A causa delle infezioni resistenti, ogni anno, nel nostro paese muoiono 10mila persone. Il numero delle vittime è pari a quelle di Hiv, tbc e influenza insieme

Ogni anno 33mila persone muoiono nell’Unione Europea per infezioni da batteri resistenti agli antibiotici.

Il Paese più colpito da questi superbatteri è proprio l’Italia, dove si verifica almeno un terzo dei decessi.

Ad affermarlo è uno studio del Centro Europeo per il Controllo delle Malattie (Ecdc) pubblicato sulla rivista Lancet Infectious Diseases.

La ricerca sottolinea come la cifra sia addirittura pari ai morti per Hiv, tubercolosi e influenza insieme.

Lo studio sulle infezioni resistenti è stato condotto sui dati del 2015 ottenuti dal network di sorveglianza dell’Ecdc per cinque infezioni resistenti.

Secondo questa ricerca, almeno nel 75% dei casi, le infezioni sono dovute a cure mediche, mentre il 39% delle infezioni è causato da batteri resistenti anche all’ultima generazione di farmaci.

Si tratte dei cosiddett carbapenemi, seguiti dalla colistina, un ‘antibiotico di vecchia generazione.

Secondo i dati raccolti, nel 2015 sono state censite quasi 679mila infezioni nell’Unione europea e nello Spazio economico europeo, di cui oltre 201mila nel nostro paese, che ha visto anche 10.762 morti.

A pagare il prezzo, altissimo, di queste infezioni resistenti sono i bambini sotto i 12 mesi e gli anziani.

In Italia sono ben 10.762 le morti per questa causa. Nella sola Grecia, ad esempio, sono molte meno: 1.626 su circa 18.500 casi.

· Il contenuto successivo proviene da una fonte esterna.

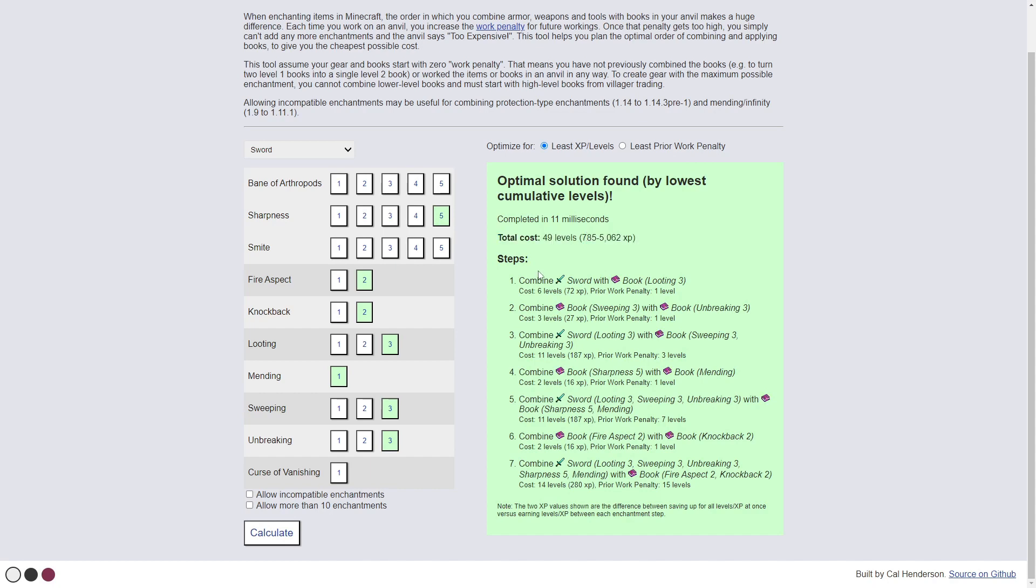So the first thing to do is combine the sword with the Looting 3 book. Combine the Sweeping Edge 3 and the Unbreaking 3 together. Combine the Looting 3 sword and the Sweeping 3 sword, and it'll show you how much each step costs in levels.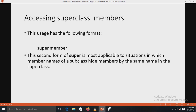The second form of the super keyword is for accessing superclass members. Super is similar to the this keyword, except it always refers to the superclass of the subclass in which it is used. The format is: super.member — where member can be any instance variable or method. If a method overrides a superclass method, you can invoke the overridden method through super. This second form is applicable when member names of a subclass hide members of the same name in the superclass.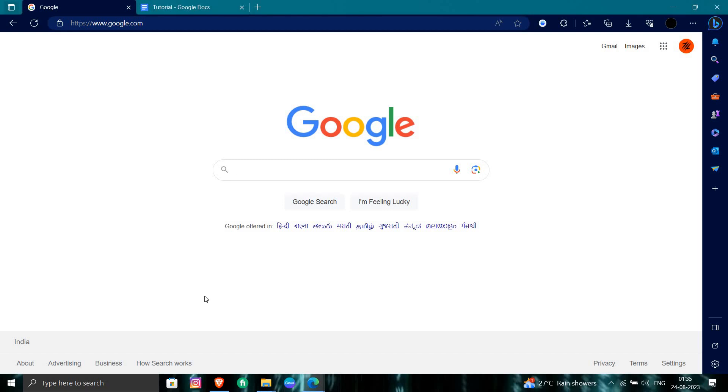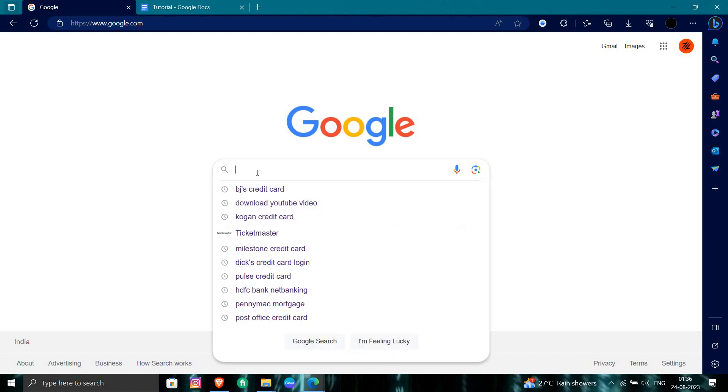Hello and welcome back to my channel. In today's video, I will show you how to freeze words in QuillBot. Let's start. First, open your browser and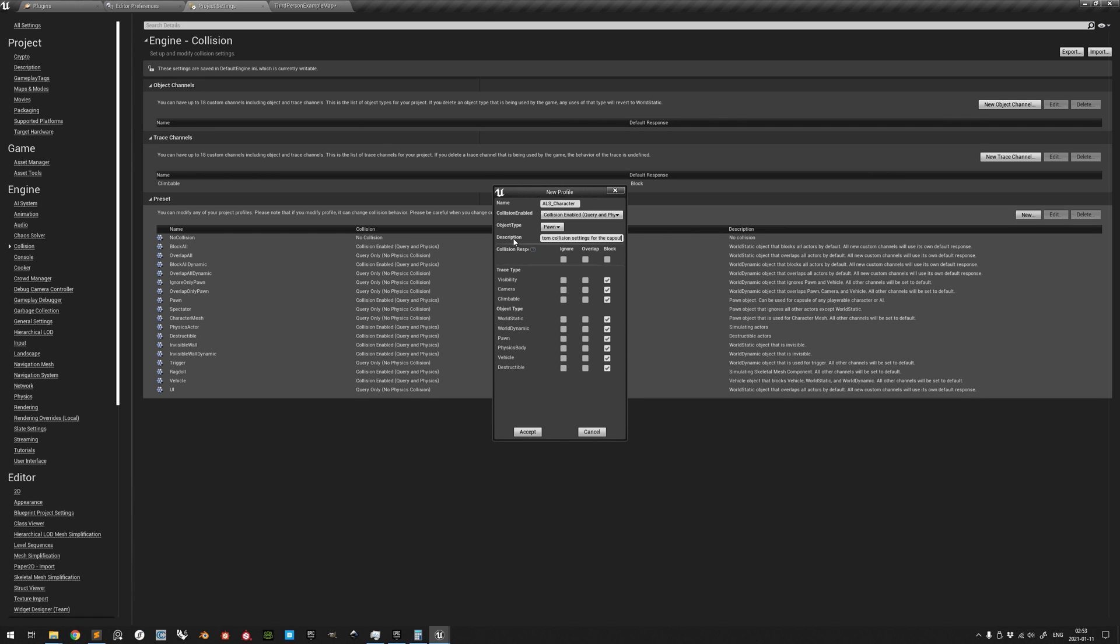Have all trace types set to Ignore in the ALS Base character, and all object types set to Block. Accept.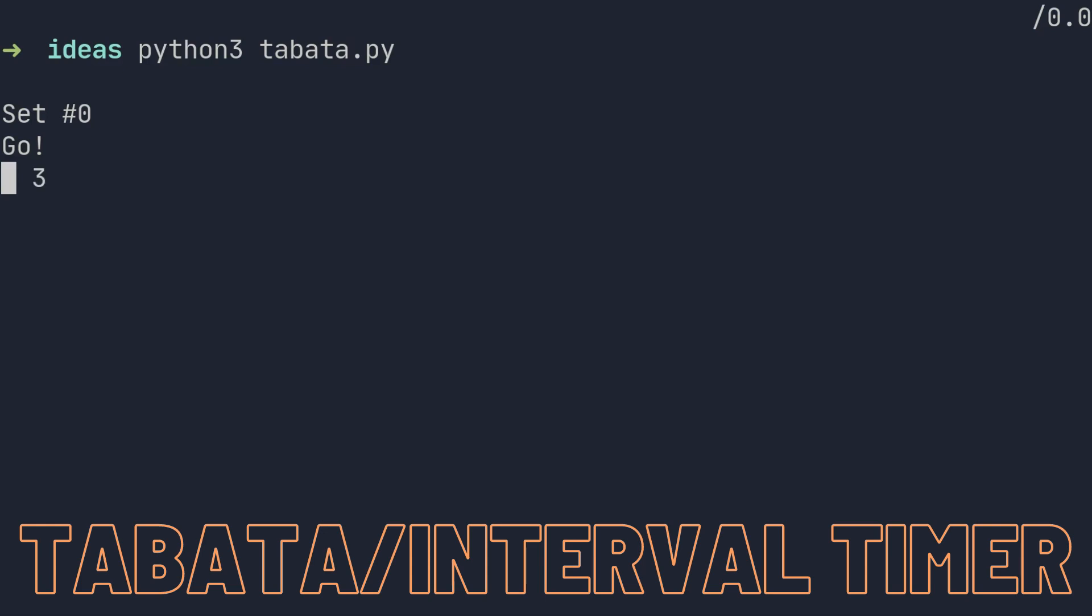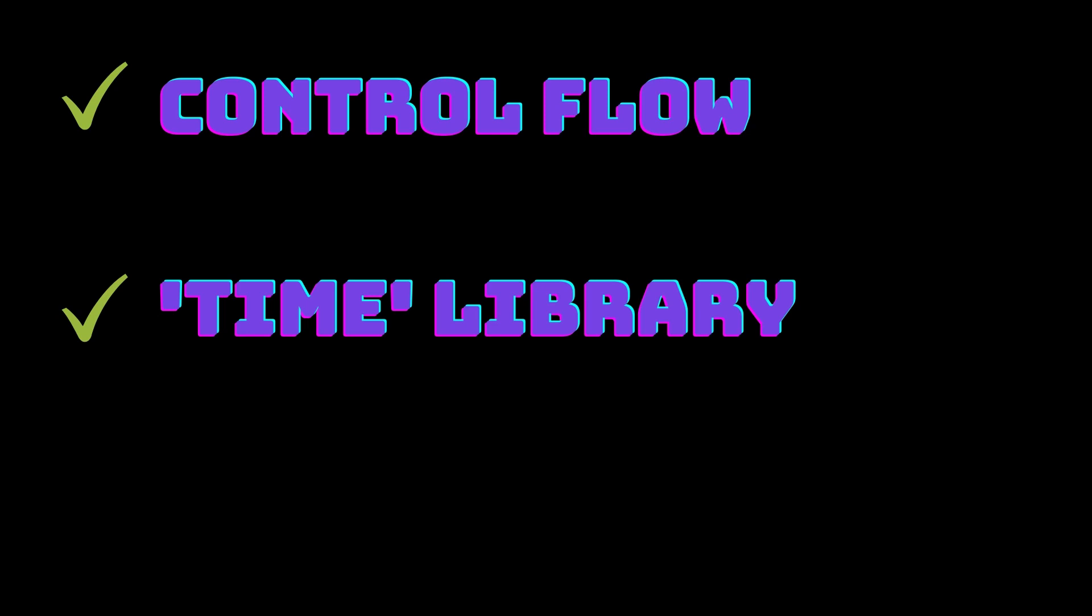So what a Tabata timer does is print the number of the set we're in, then print 'go,' do the countdown, and then print 'rest' and do a countdown again. To build an interval timer, you'll need basic control flow again, and probably you'll need to deal with the time library as well.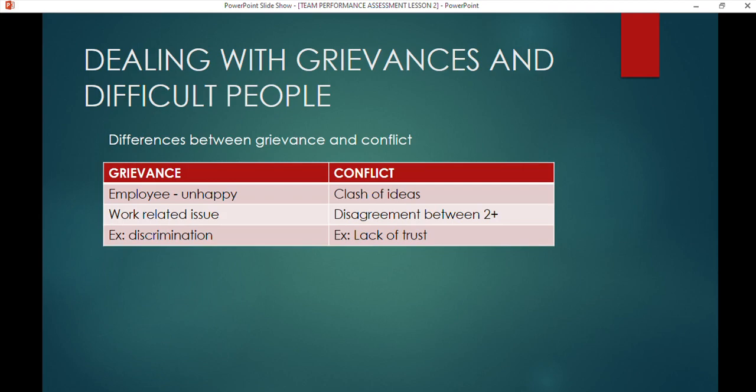Now let's look at the difference between a grievance and a conflict. A grievance means there is an unhappy employee, the issue is work-related, and the cause is discrimination — they feel they are being discriminated against, for example being unable to apply for a position because of their race or culture. Conflict, by contrast, is just a clash of ideas — I like blue, you like red; we can't agree and there is a disagreement we cannot settle.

Gli autori dello studio hanno affermato che “il carico stimato di infezioni da batteri resistenti agli antibiotici è sostanziale rispetto a quello di altre malattie infettive, e risulta sempre in aumento dal 2007”.

Per combattere i super batteri e le infezioni resistenti occorre dunque una strategia condivisa dai paesi UE.

“Tuttavia – concludono gli esperti – il nostro studio ha dimostrato chela situazione varia notevolmente da un Paese all’altro, evidenziando così la necessità di strategie di prevenzione e controllo adeguate alle esigenze di ciascuno Stato”.